Title: USING TWO-DIMENTIONAL VIBRATIONAL CORRELATION SPECTROSCOPY TO STUDY AGRICULTURAL PROBLEMS Authors
|Barton Ii, Franklin|
|DE Haseth, James - UNIVERSITY OF GEORGIA|
Submitted to: United States-Japan Cooperative Program in Natural Resources
Publication Type: Proceedings
Publication Acceptance Date: November 18, 2004
Publication Date: December 8, 2004
Citation: Himmelsbach, D.S., Barton II, F.E., De Haseth, J.A. 2004. Using two-dimentional vibrational correlation spectroscopy to study agricultural problems. In: Proceedings of the 33rd Annual United States-Japan Cooperative Program in Natural Resources, December 8-21, 2004, Honolulu, Hawaii. p. 258-262. Interpretive Summary: The existence of multiple two-dimensional vibrational spectroscopic methods in separate programs have made them difficult to use together.

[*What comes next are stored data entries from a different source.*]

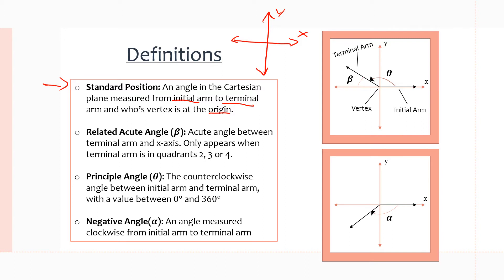Next, we have the related acute angle, represented here by beta — though it could also be theta, alpha, or any symbol we choose. Beta is commonly used to represent the related acute angle in many questions.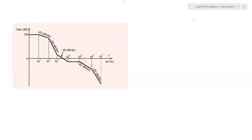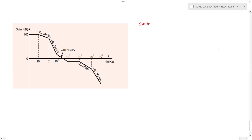Welcome back to our channel. This time we have brought you a topic in the subject of control systems. As you can see on the screen, we have been given a plot or graph where on the y-axis you have the gain expressed in dB, and on the x-axis you are given frequency in hertz. The frequency range is from zero hertz to 10 to the power 7, so it's about 10 megahertz.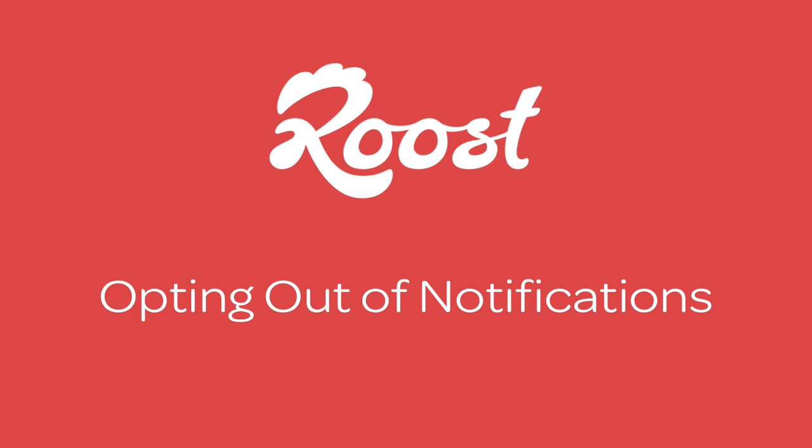Push is great, but if for any reason you would like to stop receiving notifications from a website, you're not stuck. You are in control.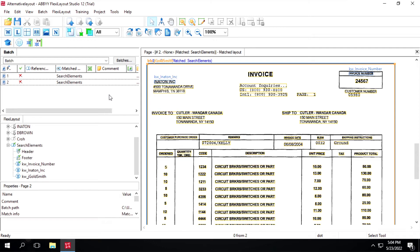In this video we learn about the First Found element. The First Found element works exactly as it sounds - it's a group element used to detect the first occurrence of a sub-element in the group. Let's see how we can use the First Found element.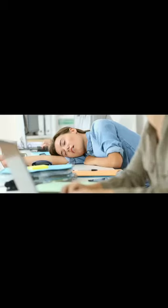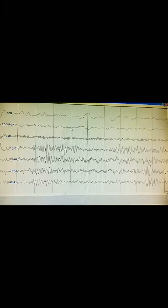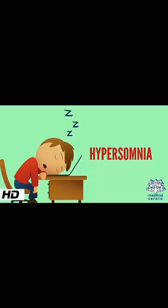Today we will discuss what is the Multiple Sleep Latency Test, or MSLT. The Multiple Sleep Latency Test checks for excessive daytime sleepiness by measuring how quickly you fall asleep in a quiet environment during the day. MSLT, also known as a daytime nap study, is used to diagnose narcolepsy and hypersomnia.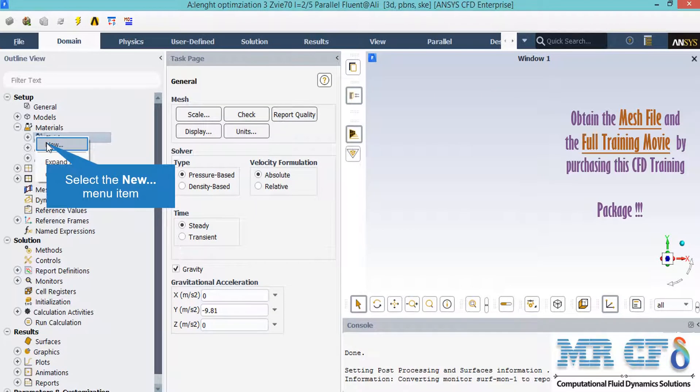In order to add a new material to the Fluent software, you just have to right-click on the Material tab and then click on New. After clicking on New, a new window will appear.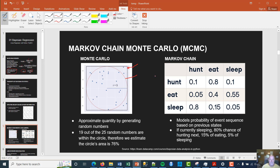We use MCMC because Bayesian methods are often intractable — there's no closed-form mathematics, unlike frequentist statistics such as the formula for standard deviation or maximum likelihood estimation. The Markov chain piece involves transition states. For example, if you are sleeping, the probability of transitioning to hunting is 0.8, the probability of transitioning to eating is 15%, and the probability of staying in the same state is 0.05. That's essentially how the Markov chain piece works.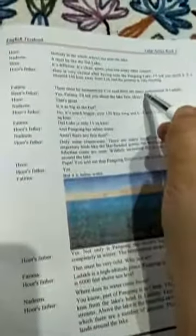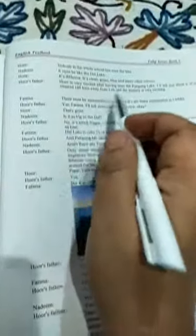Fatima: There must be monasteries. I have read there are many monasteries in Ladakh. I have told you before that monasteries are the religious places where monks and nuns live and worship. Hore's father: Yes Fatima, I will tell you about the lake first. Okay Hore, that is great.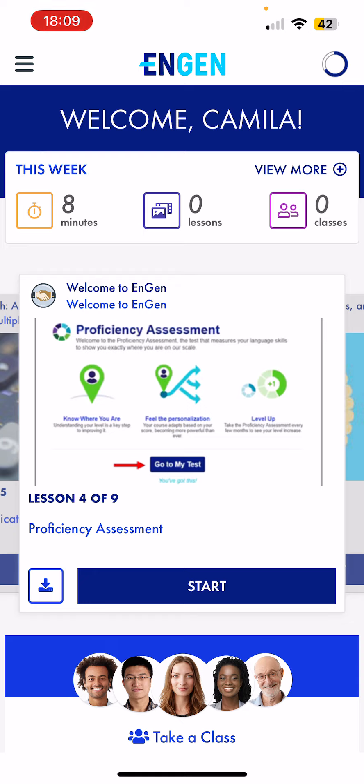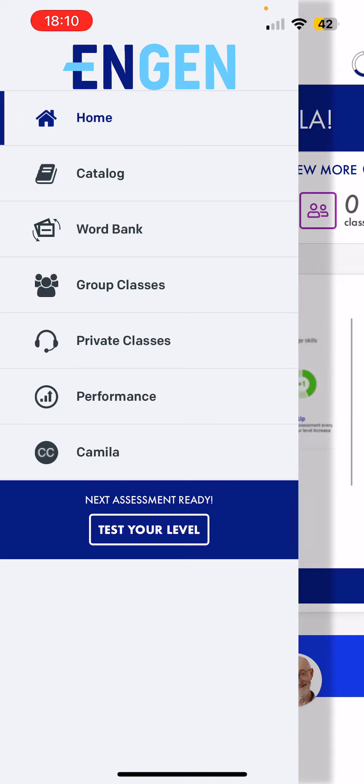To change our time zones, we're going to go to our profile. Our profile is located on the upper left corner in the three horizontal lines. Then we click on our name or the circle with our initials.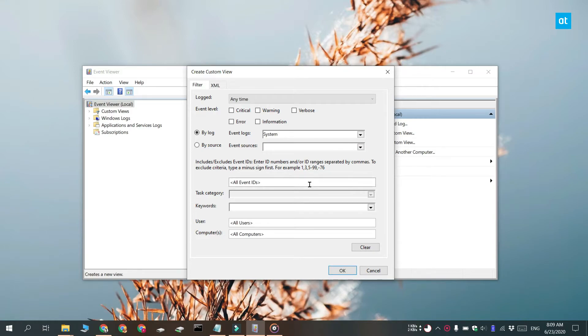Next, click inside the field box that reads all Event IDs. Enter 6005 and then add a comma and add 6006.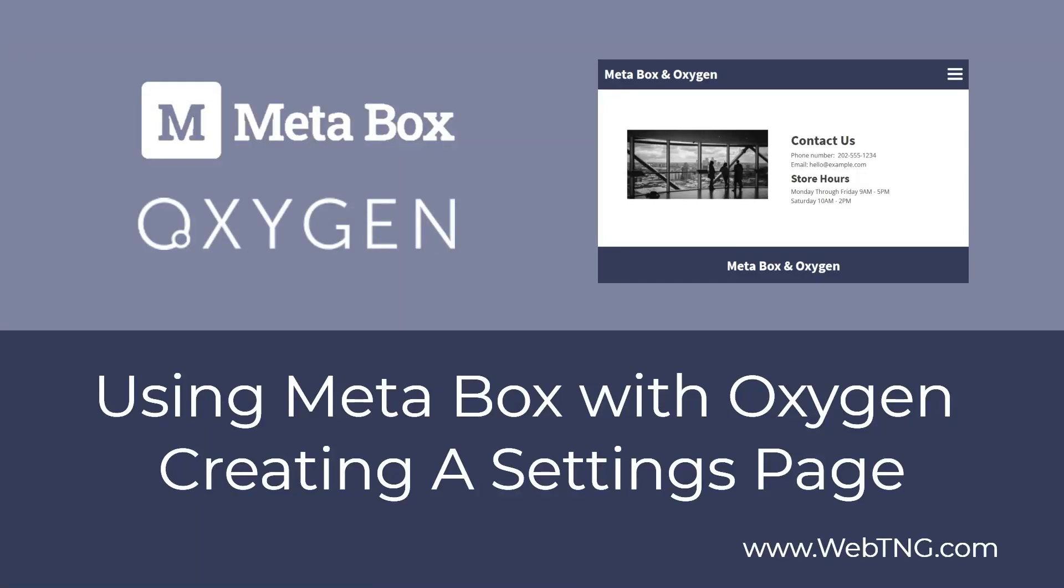Hi, this is David McCann for WebTNG. In this video, I'm looking at using Metabox with Oxygen.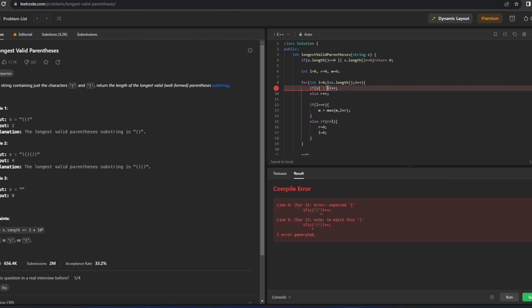There was a small mistake — it should be: if s[i] is equal to opening parenthesis, then increment l.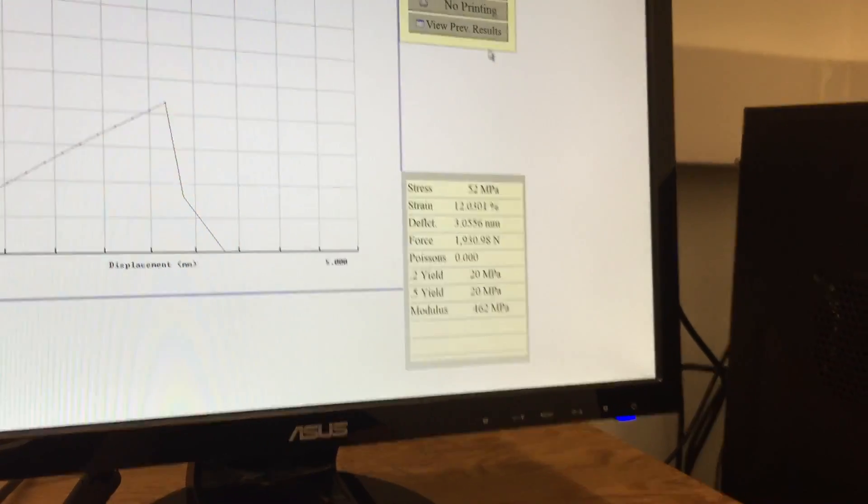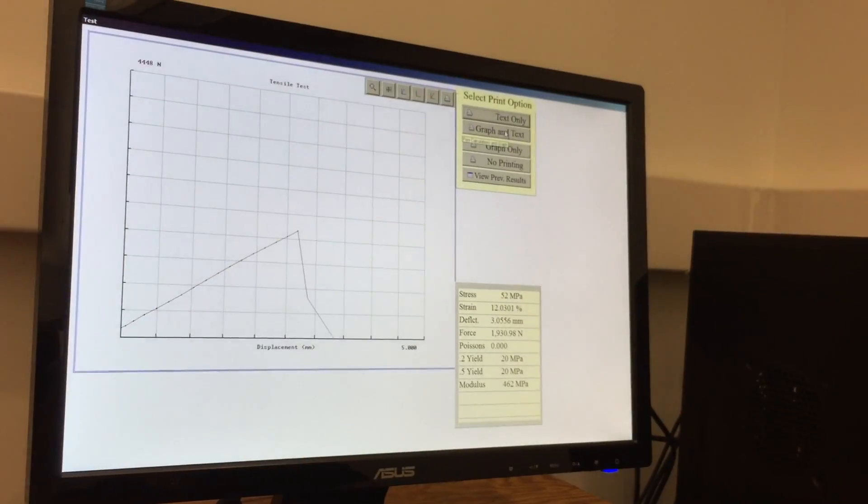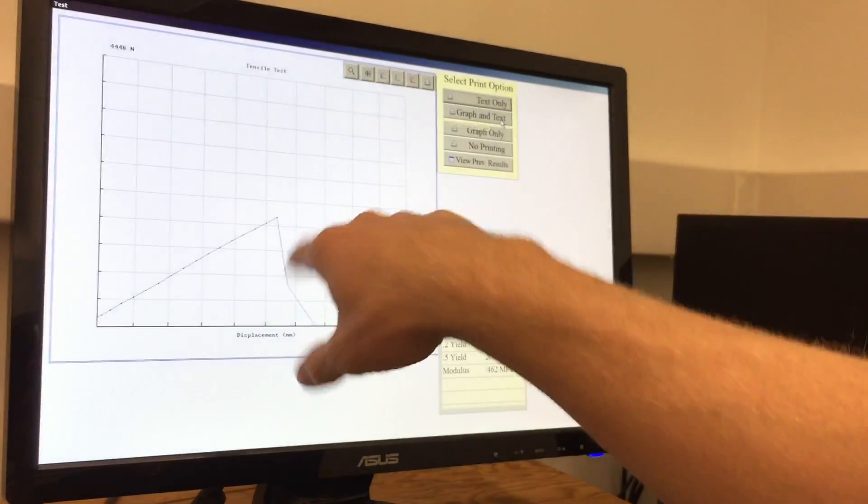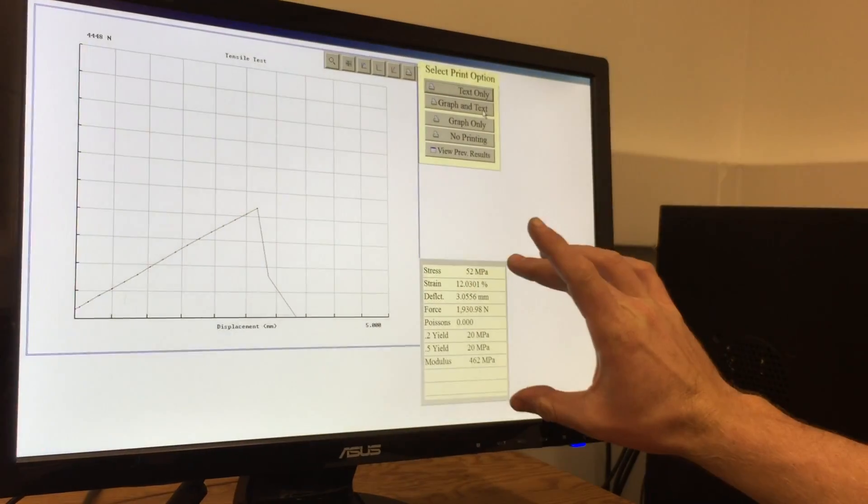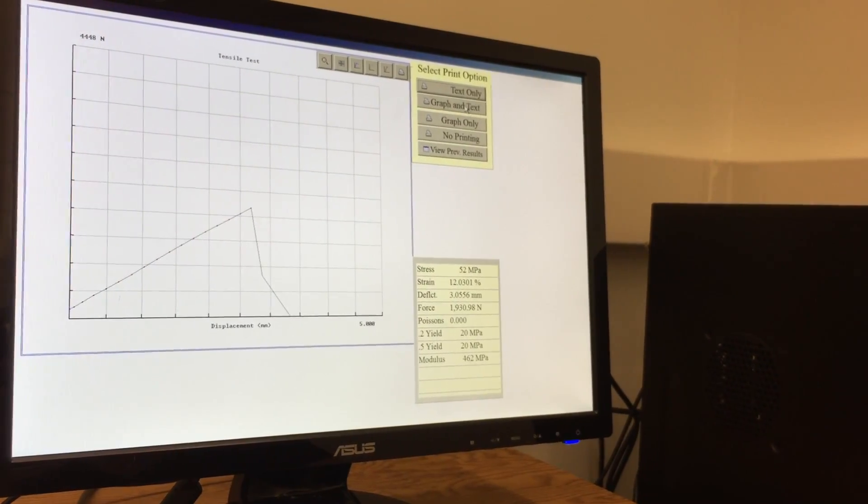And then we can print our results by going graph and text. Make sure to do graph and text. It actually spits out this graph and the corresponding numbers associated with it.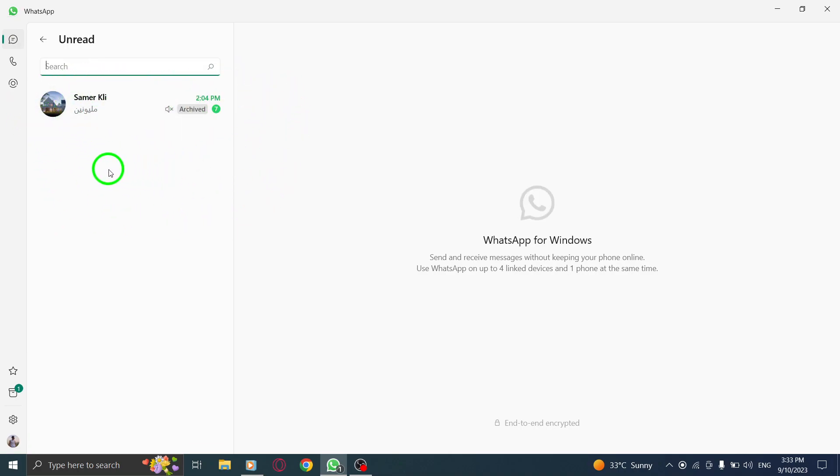And there you have it. You can now easily view only the unread messages in your WhatsApp on PC. This feature is especially useful when you have a lot of chats and want to focus on the unread ones.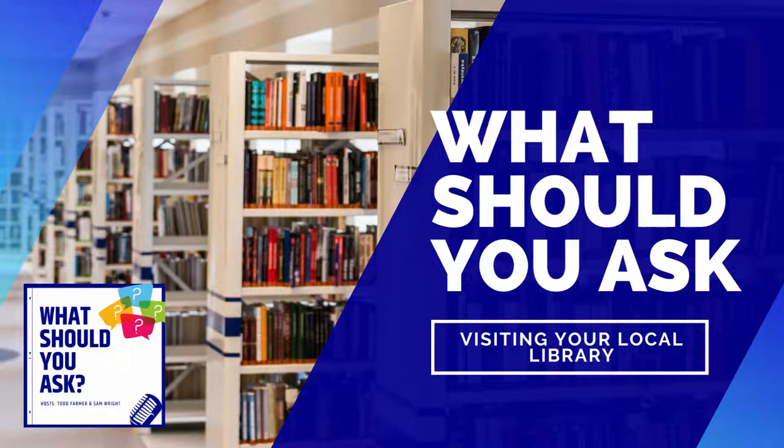Here's a burning question. Do you all still use the Dewey Decimal System? Yes, we do. Do you really? Do you remember that in school? Yes, absolutely.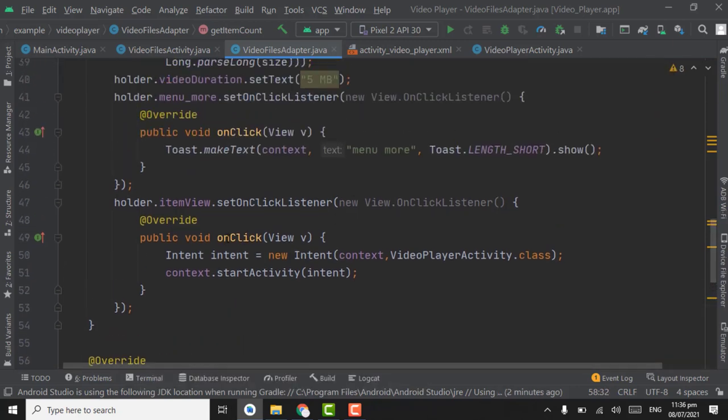That's all for this tutorial. We will complete the adapter work and initialize the adapter in the RecyclerView in the next tutorial. Until then, Allah Hafiz.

Two forms of two-dimensional correlations have now been combined into one program that is accessible in the programming language, MATLAB. This permits the use of methods that compare spectral data within a single region or between two regions to be used together. Thus, near-infrared, mid-infrared and Raman spectral data of samples can all be to examine often hidden features. This has been applied to investigate the responses in these three regions to the differences between amylose and amylopectin, the major components of starch. This has led to the further understanding of spectral predictions of the composition and physical properties of grains.
Technical Abstract: A MATLAB based version of two forms of two-dimensional vibrational correlation spectroscopy has been developed to permit access to both self or homospectral correlation and cross or heterospectral correlation of various types vibrational spectroscopy. These types of vibrational spectroscopy include: near-infrared, mid-infrared and Raman. Two-dimensional vibrational spectroscopy was used to detect the spectral differences between amylose and amylopectin in all three of these spectral regions. This has permitted the interpretation of near-infrared from mid-infrared and Raman regions given the ability to understand and predict both compositional and viscoelastic properties of rice flour.